> Directions
Would you transcribe the listing that follows, character for character, and omit its images?

> Supplied information
########################################
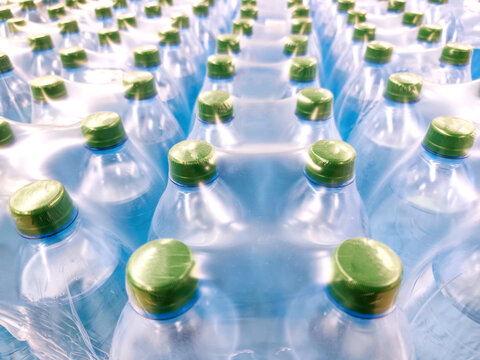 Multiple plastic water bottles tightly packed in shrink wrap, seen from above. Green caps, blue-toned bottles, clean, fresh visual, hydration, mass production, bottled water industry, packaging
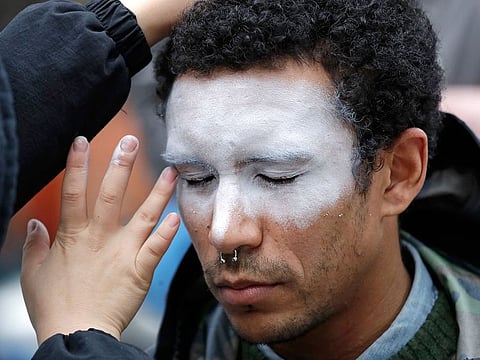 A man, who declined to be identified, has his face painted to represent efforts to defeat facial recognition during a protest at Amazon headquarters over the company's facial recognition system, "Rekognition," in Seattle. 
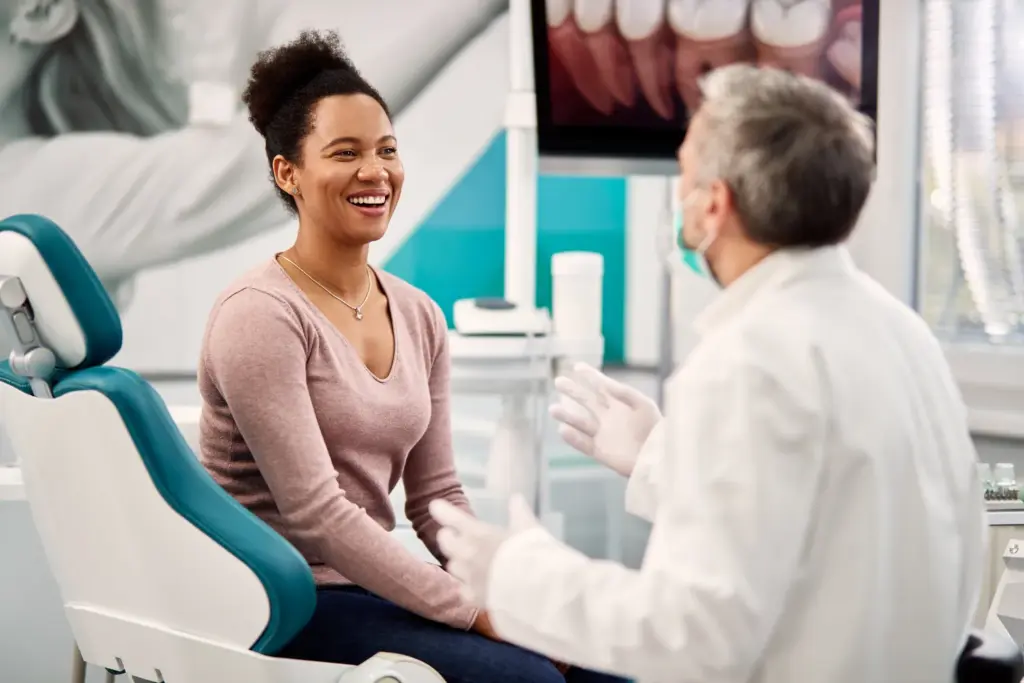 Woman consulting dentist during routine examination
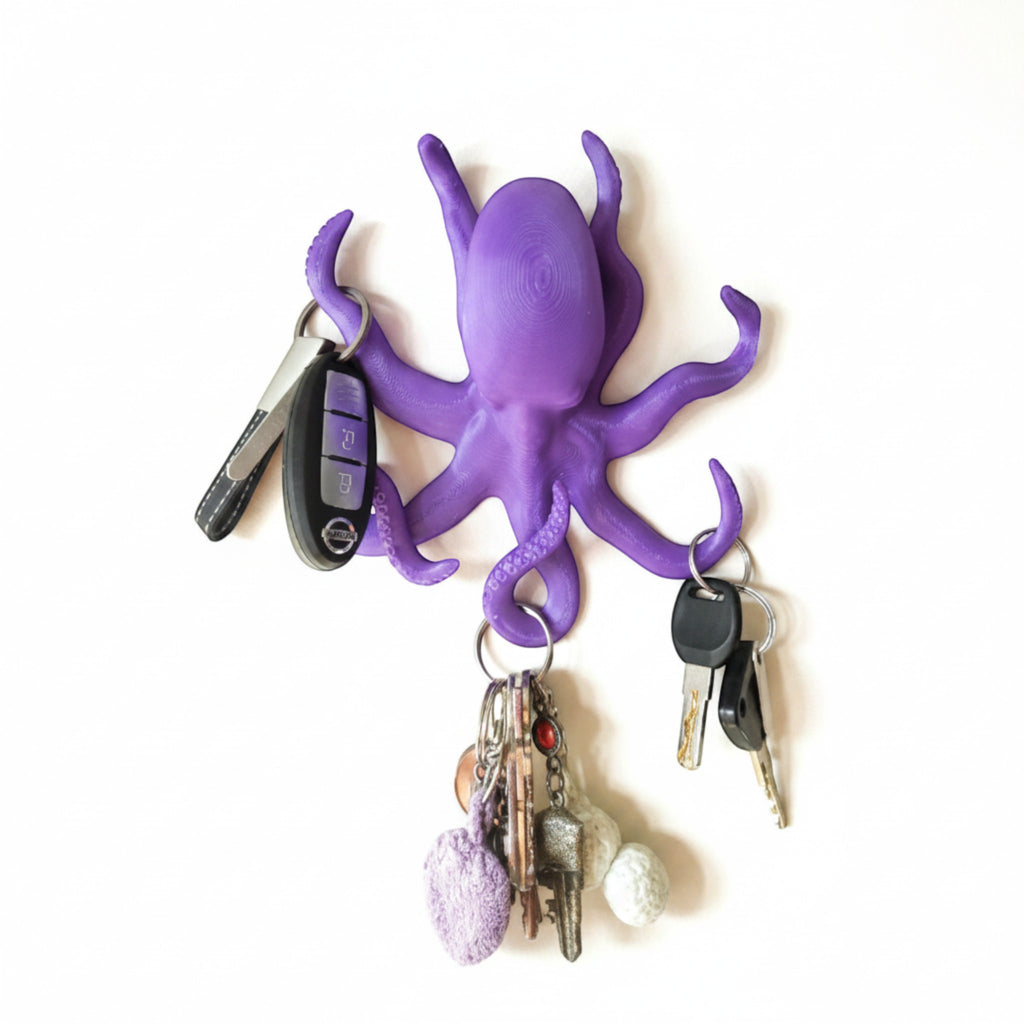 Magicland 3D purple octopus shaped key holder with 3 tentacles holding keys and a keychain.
########################################
> Exercise result
 Multiple plastic water bottles tightly packed in shrink wrap, seen from above. Green caps, blue-toned bottles, clean, fresh visual, hydration, mass production, bottled water industry, packaging
 A man, who declined to be identified, has his face painted to represent efforts to defeat facial recognition during a protest at Amazon headquarters over the company's facial recognition system, "Rekognition," in Seattle. 
 Woman consulting dentist during routine examination
 Magicland 3D purple octopus shaped key holder with 3 tentacles holding keys and a keychain.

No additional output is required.